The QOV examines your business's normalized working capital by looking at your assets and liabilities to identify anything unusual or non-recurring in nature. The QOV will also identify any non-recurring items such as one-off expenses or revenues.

· · · ·

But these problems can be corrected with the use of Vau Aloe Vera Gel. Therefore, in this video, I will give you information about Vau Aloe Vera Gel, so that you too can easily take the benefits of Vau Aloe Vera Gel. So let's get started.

· · · ·

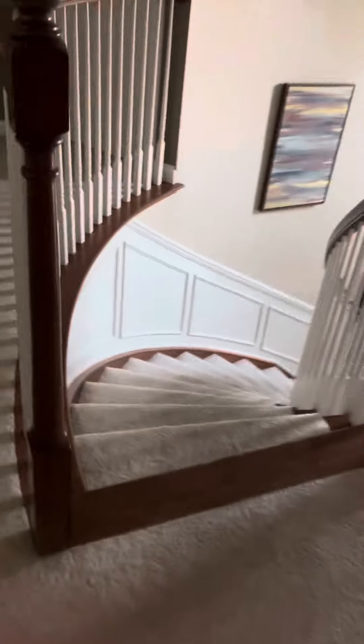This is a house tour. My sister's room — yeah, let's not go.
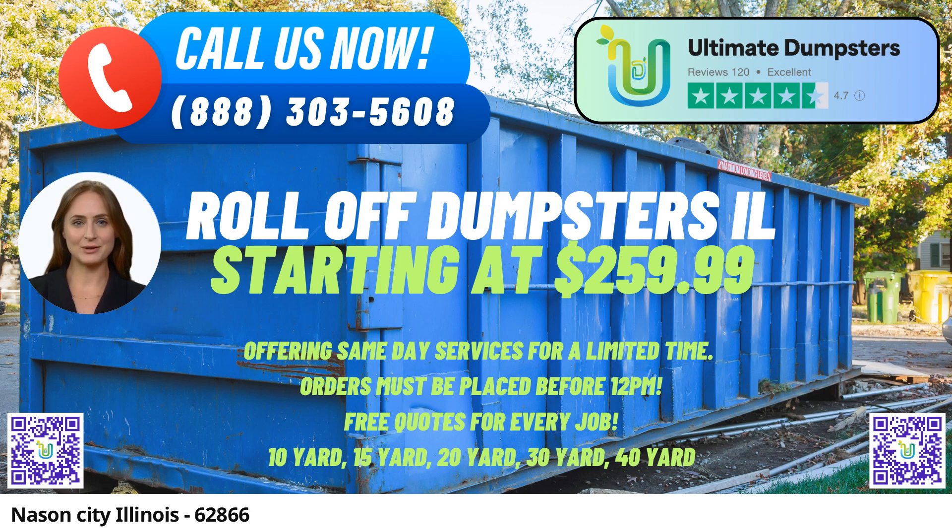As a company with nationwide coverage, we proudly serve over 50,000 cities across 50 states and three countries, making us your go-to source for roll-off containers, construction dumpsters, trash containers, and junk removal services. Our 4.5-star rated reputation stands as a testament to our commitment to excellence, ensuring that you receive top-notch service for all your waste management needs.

· · · ·

# Task details:
Filter this listing and copy only the lines holding the word "will".

# Solved exercise:
The QOV examines your business's normalized working capital by looking at your assets and liabilities to identify anything unusual or non-recurring in nature. The QOV will also identify any non-recurring items such as one-off expenses or revenues.
But these problems can be corrected with the use of Vau Aloe Vera Gel. Therefore, in this video, I will give you information about Vau Aloe Vera Gel, so that you too can easily take the benefits of Vau Aloe Vera Gel. So let's get started.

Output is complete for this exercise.